The customer engagement extends to in-branch marketing. The Umpqua brand story, highlighting the way they helped specific customers, was everywhere. Want a brochure of a particular product or service? There’s nothing on paper, but you can access such information in digital format on iPads. Rather than just grab and go, you have to sit down with one of Umpqua’s tools, engage with them and then transfer what you need to your smartphone or PC.
So, there you have two different visions for the branch of the future: speed and efficiency at Chase vs. a deeper engagement with the customer at Umpqua. Which will prevail?
First, some basic concepts. We all know that branch transformation has to happen. In this digital era, routine transactions have to be offloaded to self-service in order to improve efficiency. As transactions continue to move out of branches, the purpose of having a branch shifts to becoming a sales center, a place where you go for more complex services. The downside is that the more we drive people out of the branch, or the less personal we make our service, the fewer opportunities there are to engage with customers and create needed sales opportunities.
Chase has been particularly successful in evolving their branches to improve cost efficiency. According to their investor presentations, teller usage is down – only 51% of consumer deposits are now through tellers, compared to 90% in 2007, and this has allowed them to reduce same-store branch staff by about 20%. Savings have been reinvested in targeted expansion, with Chase bucking the industry trend by opening more new branches than they are closing.
Both institutions have created branch models that are modular. Chase’s Union Square facility was quite large, but can easily be scaled to a smaller footprint offering a few self-service kiosks and only one or two bankers for personal service. Likewise Umpqua’s San Francisco flagship store is, in many respects, a scaled up version of their small community-based facilities in Portland and Seattle.
The Umpqua story is all about growth, from $150 million in assets in 1994 to $22 billion when their latest acquisition closes next quarter. And they have done this through a culture of innovation, differentiated branch experience and distinctive marketing strategy. It is easy to become overly focused on their unique branch style and miss the way they have created an entire sales and marketing process that leverages physical facilities to create customer acquisition.
So again, which of these two visions will prevail?
Chase has clearly shown a roadmap for transforming the traditional branch.
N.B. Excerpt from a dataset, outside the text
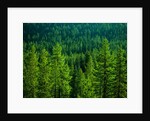 Pine Forest in Yosemite National Park by Anonymous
They have a robust self-service experience where you feel that you are getting the same (or even better) service, as opposed to being forced into a channel that is convenient for the bank but not necessarily for you.
Umpqua is trying to both make branches more efficient (they are highly automated, it is just not as visible in their branch design) but they are also transforming the way banking works. They’ve staked out a clear position for the bank that differentiates them from larger competitors. They have been successful in acquiring more traditional organizations and integrating them into their model, developing a mix of physical distribution that encompasses innovative neighborhood branches (the kind that get all the press) and integrating best practices back into their more traditional structures. And they have been particularly successful in converting almost all of their branch staff to universal associates, eliminating specialized roles with the benefit of increased staffing flexibility and improved efficiency.
In the end, financial institutions need to learn lessons from both formats. They need to move more aggressively to implement self-service technology and branch re-design in order to improve efficiency and reduce cost, as Chase has done. But they also need to create a strategy of customer engagement, which is Umpqua’s strength. While there is a declining need for branch-based financial transactions, there is increasing need to find sales and marketing approaches that leverage unique trade area opportunities in order to attract prospects and convert them into deep customer relationships. Winners will integrate lessons from both Chase and Umpqua to achieve both the operational efficiency and sales growth that is critical to their future success.